Although the bulk of the discussion related to the configurations of the compartments, etc. on the interior of the organizer case relates to design for the convenience of flight deck personnel, the art will recognize that alternate arrangements and sizes of pockets and channels can be adapted for use by others for whom organization and holding of small articles on a target surface, such as the interior of the closure flaps of a case (such as the large litigation briefcases carried by attorneys and business people needing relatively large cargo capacity in a briefcase-type carrier). The detachability allows the user to transfer the organizer from one case to another or from one target surface to another, as convenient, or simply to keep valuable or necessary items at hand when carrying something as large as a briefcase is not desired. The detachable nature of the present invention allows greater flexibility and convenience of use than organizers which are an integral part of a briefcase or other carrier.

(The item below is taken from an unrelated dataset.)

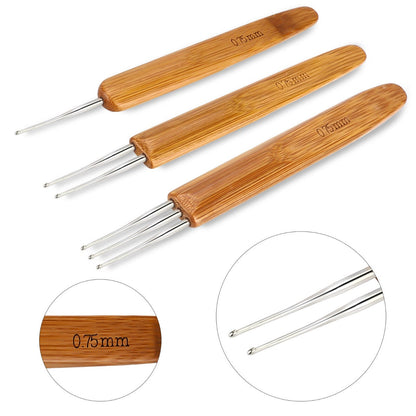 5Pcs DIY Hook Bamboo Handle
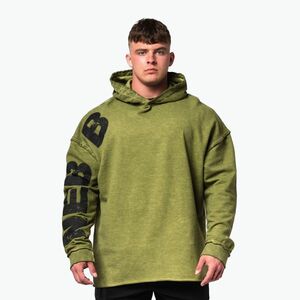 Férfi edző pulóver NEBBIA Washed-Off Hoodie NO BS zöld (Washed-Off Hoodie NO BS 371) kép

In a particularly preferred embodiment, the closed, filled organizer has dimensions of about 7.25 inches by about 5.5 inches by about 1.5 to about 2.5 inches. The main panel of the organizer is about 5.5 inches by about 17.5 inches in the opened and flat configuration. It is understood that other sizes can be used, provided that the organizer folded in place on the flight bag or briefcase closure flap does not interfere with the closing of the flight bag or briefcase.
The disclosure is provided for illustrative purposes, and is not intended to limit the scope of the invention as claimed herein. Any variations in the exemplified articles which occur to the skilled artisan are intended to fall within the scope of the present invention.